Both companies secured access to the statewide Educational Broadband Service spectrum they get to control with near-exclusivity for less than $5 million annually — around $1 a year for every South Carolinian that could eventually be served with improved broadband. But nobody is getting service from either provider, indefinitely.
Columbia’s Free-Times notes neither company has concrete plans to bring broadband to anyone in South Carolina. Clearwire, now in financial trouble, provides no service in the state and DigitalBridge refused to comment for the newspaper’s story. Free-Times reporter Corey Hutchins could not find anyone able to provide any definitive information about either company’s short or long-term plans to hold up their end of the bargain.
Khush Tata, chief information officer for the S.C. Technical College System suspects one might not even exist. So long as these two companies maintain a lock on the spectrum, nobody else can deliver the wireless service either.
“I haven’t seen any big cohesive strategy since [the leasing] at all,” Tata told the newspaper. “I think that it’s still based on market and business viability for each provider so they’re sort of on their own. Each provider, they invest based on their return on investment, which is good for their business, but as a state there isn’t any overall planning or approach — and I think the leasing of spectrum provided the largest overall strategy opportunity, which is a pity that it hasn’t panned out yet.”
Don’t tell that to industry-connected Connected Nation, whose South Carolina chapter claims the state is doing better than most providing broadband service. The group has published maps, based entirely on data provided by the state’s phone and cable companies, that suggest most residents not only get the service, but have a choice in providers.
“That’s just plain bull,” says Stop the Cap! reader Jeff Lodge, who lives outside of Columbia. Not only does the local cable company pass him by, but there is no DSL either. He relies on an unlimited wireless data plan from AT&T and does most of his web browsing during breaks at work.
No Plans
“I live in a community of 22,000 people and only those along the main streets in this community have access to broadband,” he says. “The cable company doesn’t go far off the beaten path, and the here-and-there DSL some get is dreadful.”

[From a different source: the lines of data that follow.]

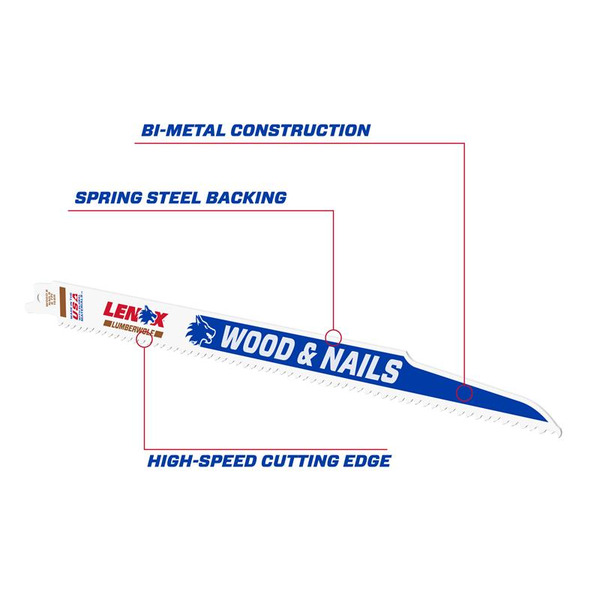 LENOX LEN20585156R LumberWolf Reciprocating Saw Blade 305 x 19 x 1.3mm 6 TPI (Pack 5)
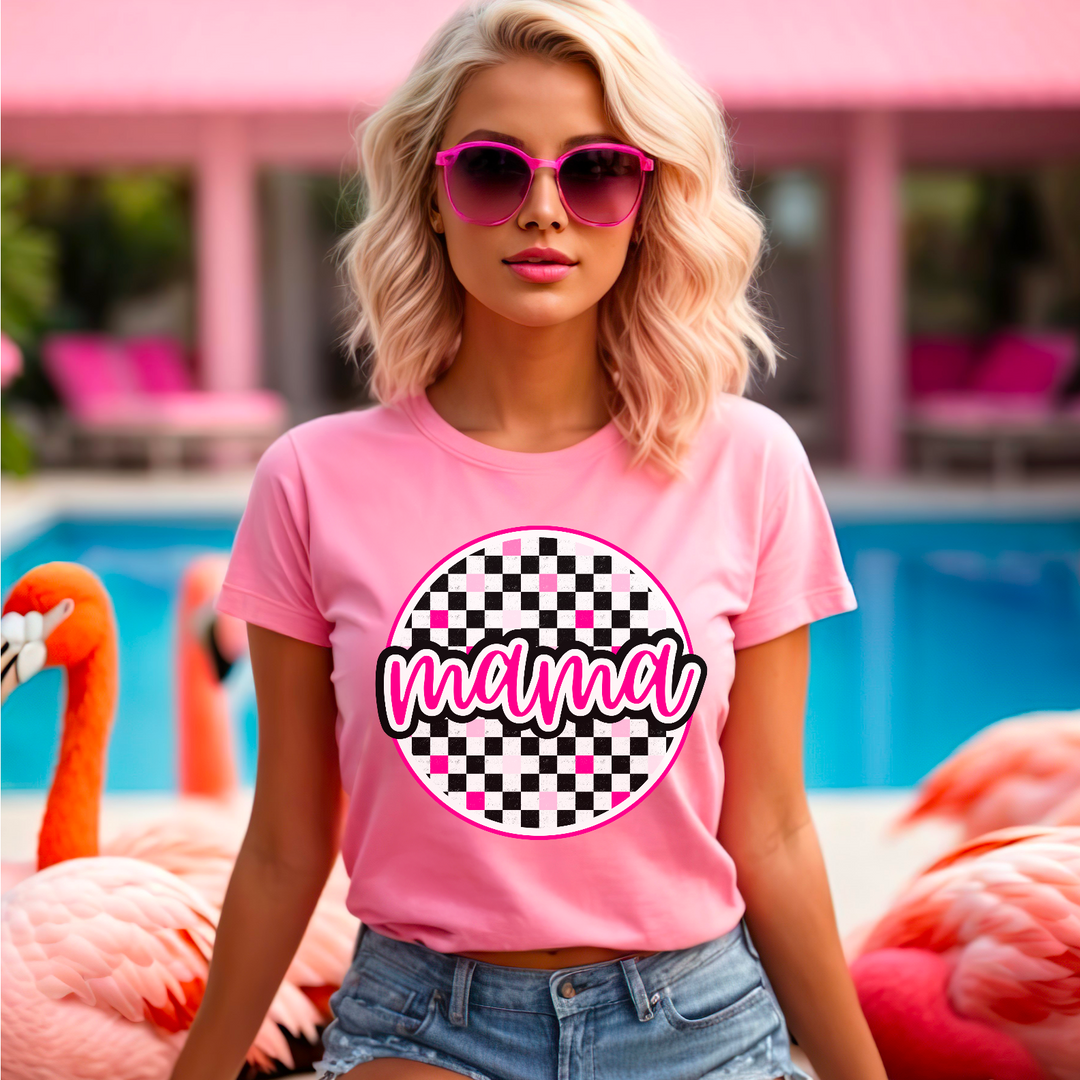 Mama Pink Checkered Circle DTF Print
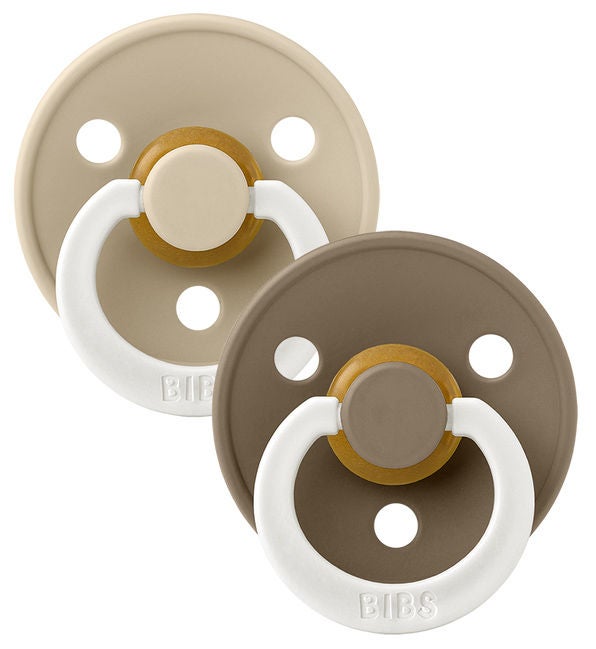 BIBS Colour Napp 2-pack Latex Stl 2 Rund|Vanilla Glow/Dark Oak Glow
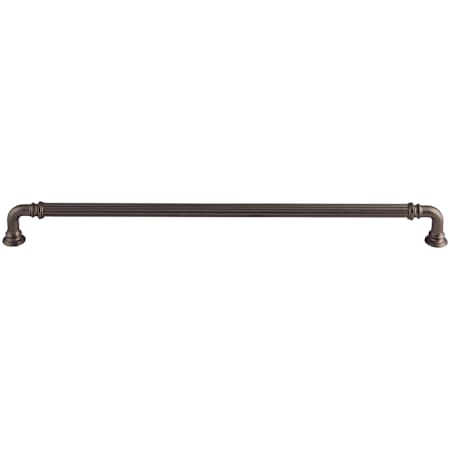 Top Knobs Reeded 12 Inch Center to Center Handle Cabinet Pull from the Chareau Collection Ash Gray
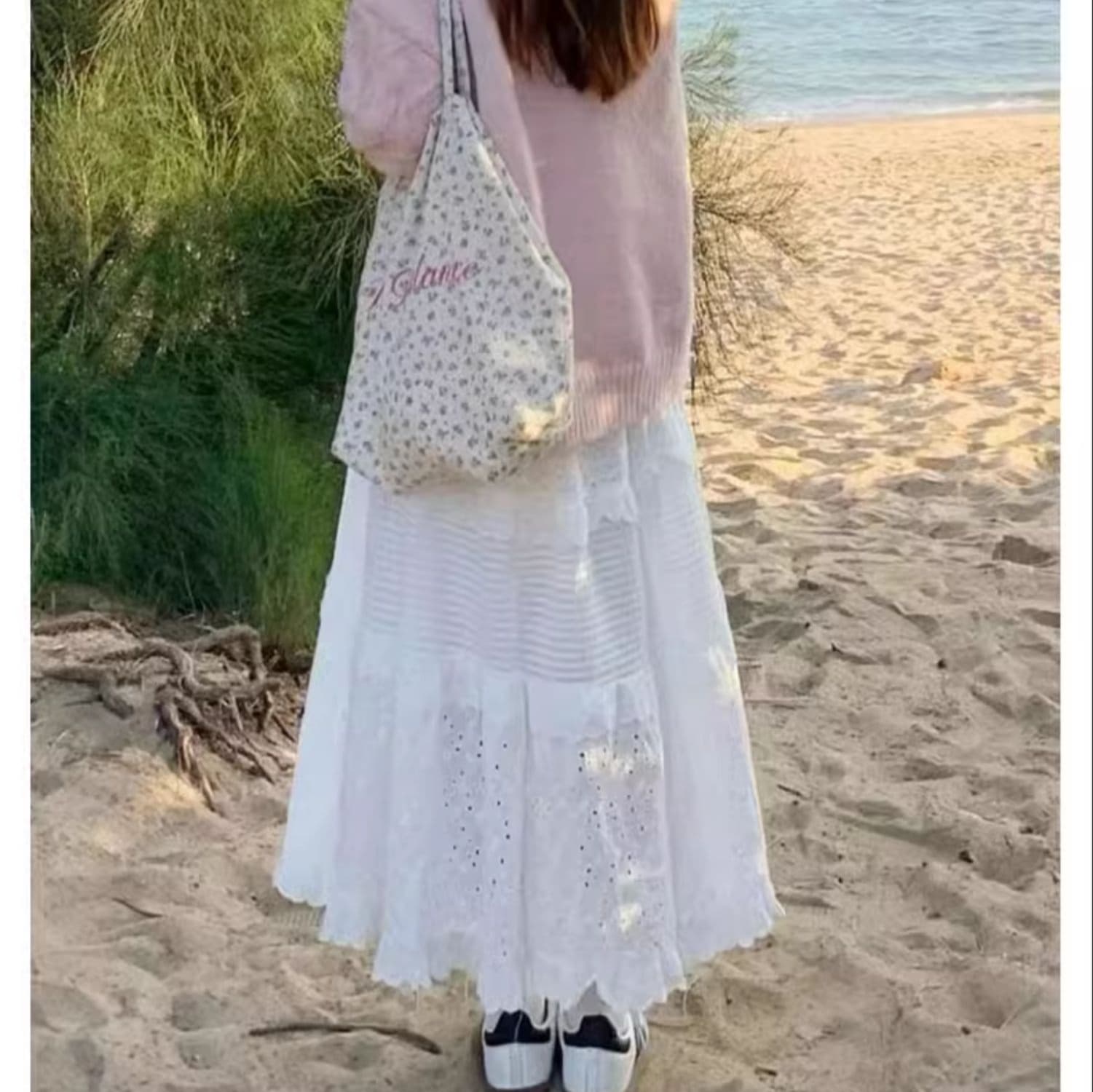 白スカート 刺繍レース ティアードフレアスカート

Even Connect South Carolina acknowledges broadband speeds in the state are often woefully behind others in the region. Many well-populated census tracts have no wired broadband at all.
With the pervasive lack of broadband, incumbent providers have been heavily lobbying the state to keep others off their spartan turf — pushing for the same type of legislation effectively banning community broadband networks that North Carolina passed earlier this year.

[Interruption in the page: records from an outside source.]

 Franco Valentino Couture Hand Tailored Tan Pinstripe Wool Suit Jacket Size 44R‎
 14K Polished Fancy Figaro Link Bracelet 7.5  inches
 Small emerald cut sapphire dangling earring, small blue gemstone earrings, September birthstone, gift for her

“It’s Time Warner Cable and AT&T… again, that are behind most of this effort, and those two companies treat South Carolina like a forgotten bastard child now,” Lodge says. “Can you imagine the arrogance of big cable and phone companies to keep competition away even when they, themselves, won’t compete?”
No Comment
One company trying to make a difference: GlobalCo and their partner On-Time-Communications. A review of the under-developed website of the latter suggests neither entity is well-positioned or backed to deliver broadband without significant financial assistance. But at least they recognize the problem.

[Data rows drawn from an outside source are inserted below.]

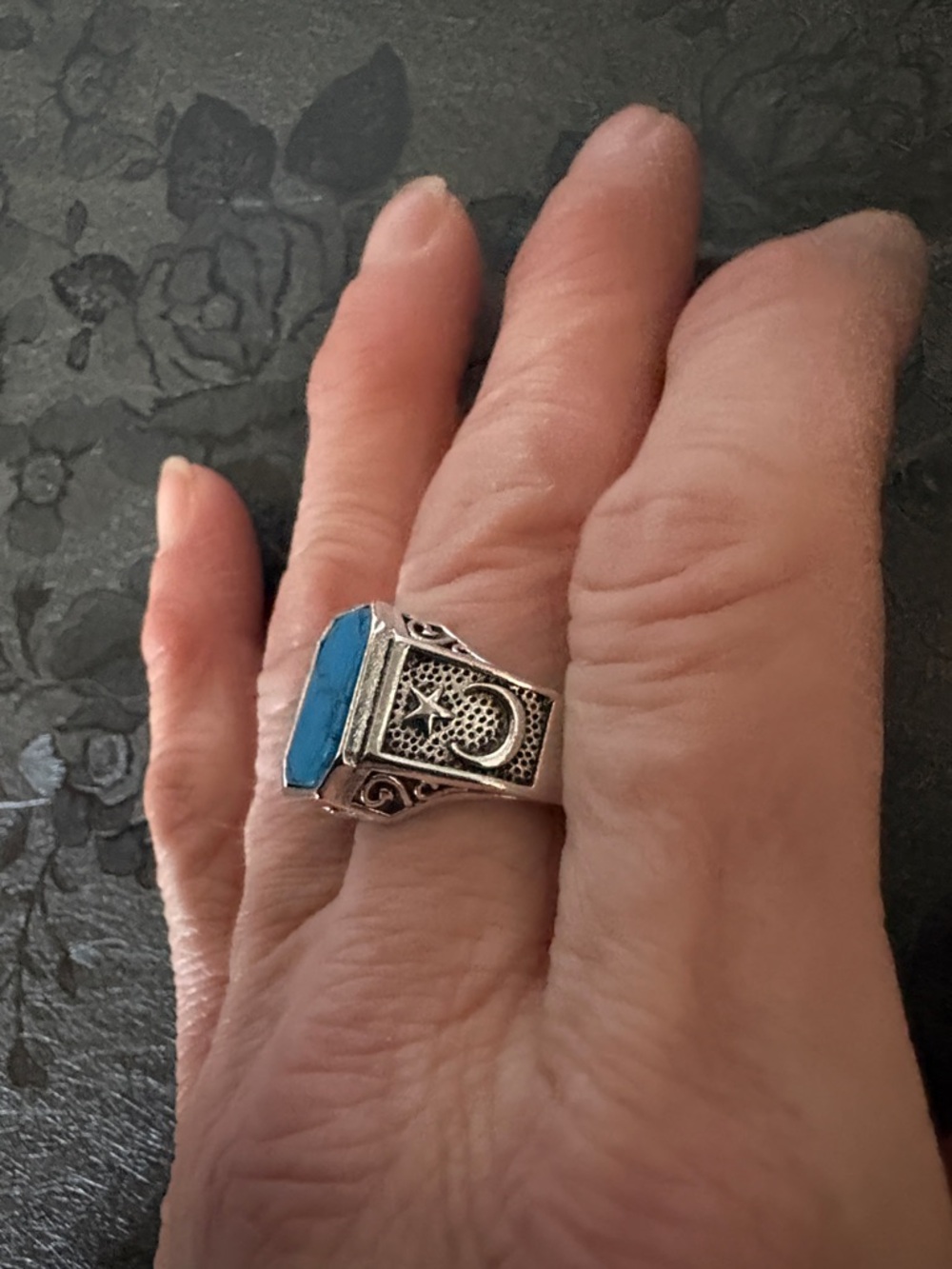 WOMEN'S MEN'S TURQUOISE .925 STERLING SILVER MOON STAR SIDE DESIGN SIZE 9 RING - Picture 3 of 12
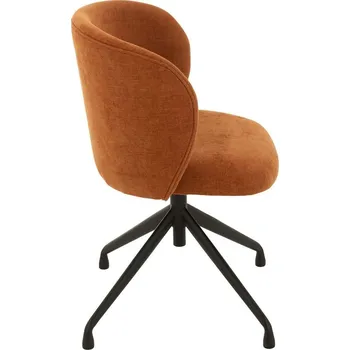 Jídelní židle Oranžová sametová jídelní točící židle Chair Turn Rusty - 56*48*77cm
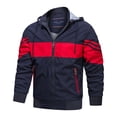 thumbnail image 1 of Qertyioot Men's Contrasting Color Hooded Zipper Casual Warm Windproof Pocket Motorcycle Jacket, 1 of 6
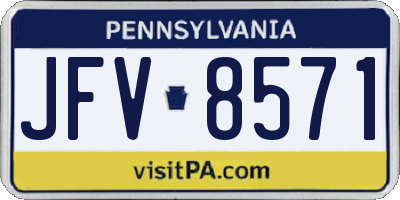 PA license plate JFV8571
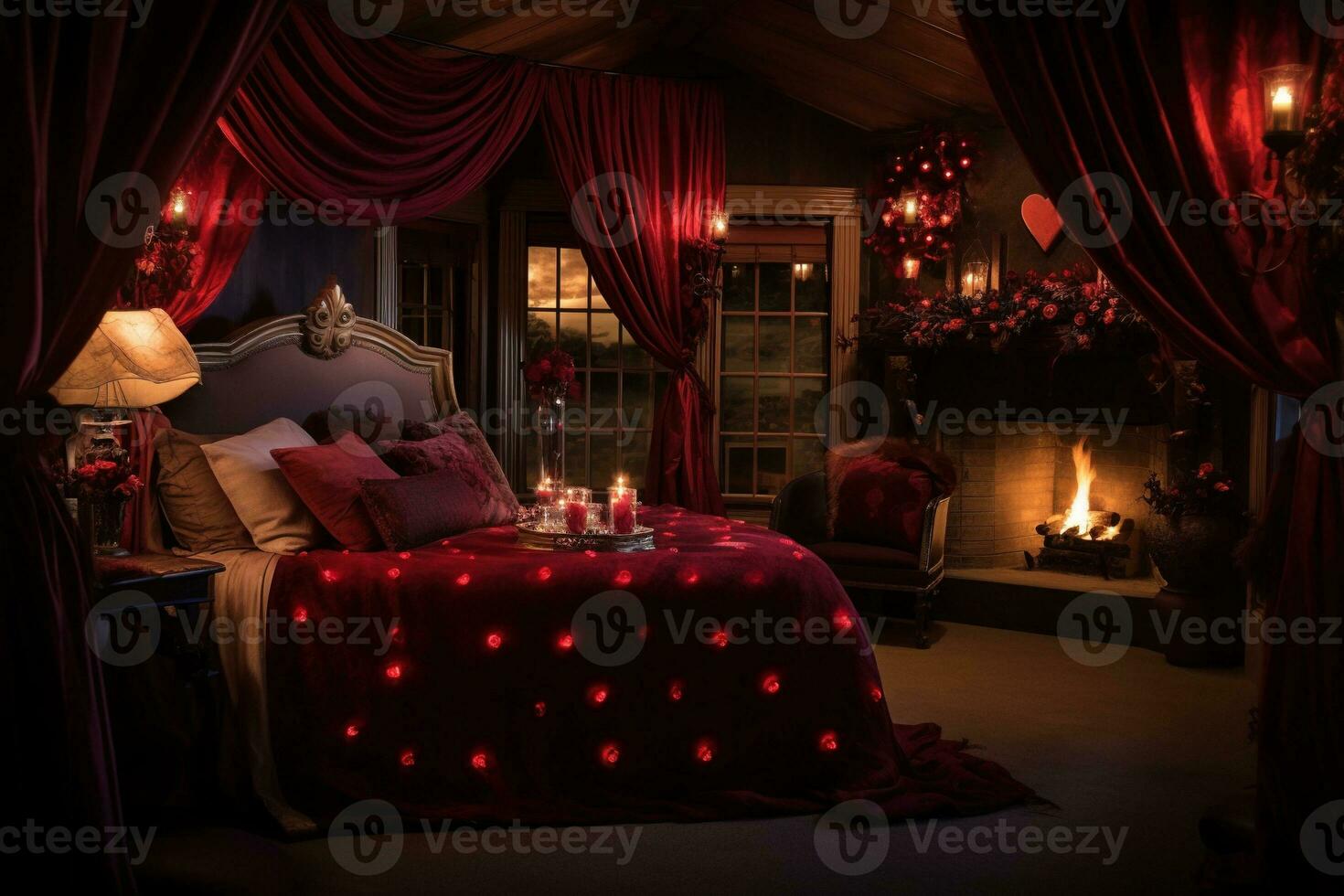 Romantic room interior with pink curtains and red hearts. Valentine's day concept. AI generated photo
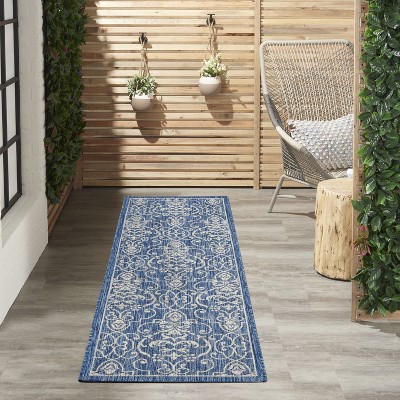 Timeless Denim and White Party Scroll 2'2" x 7'6" Indoor/Outdoor Rug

“In South Carolina there’s 10 counties that made [the FCC’s report on broadband unavailability] and the majority of them come out of what’s commonly referred to as the ‘Corridor of Shame’,” Ronnie Wyche, GlobalCo’s vice president of sales told Free-Times.
None of this comes as a surprise to Brett Bursey, director of the South Carolina Progressive Network, who opposed the spectrum sell-off.
“The bargain basement lease of the nation’s only statewide broadband system was a theft from, and insult to, the taxpayers who built and own the system,” Bursey told the paper. “The system is not being developed by the companies who won the lease and the Legislature is ideologically opposed to public ownership.”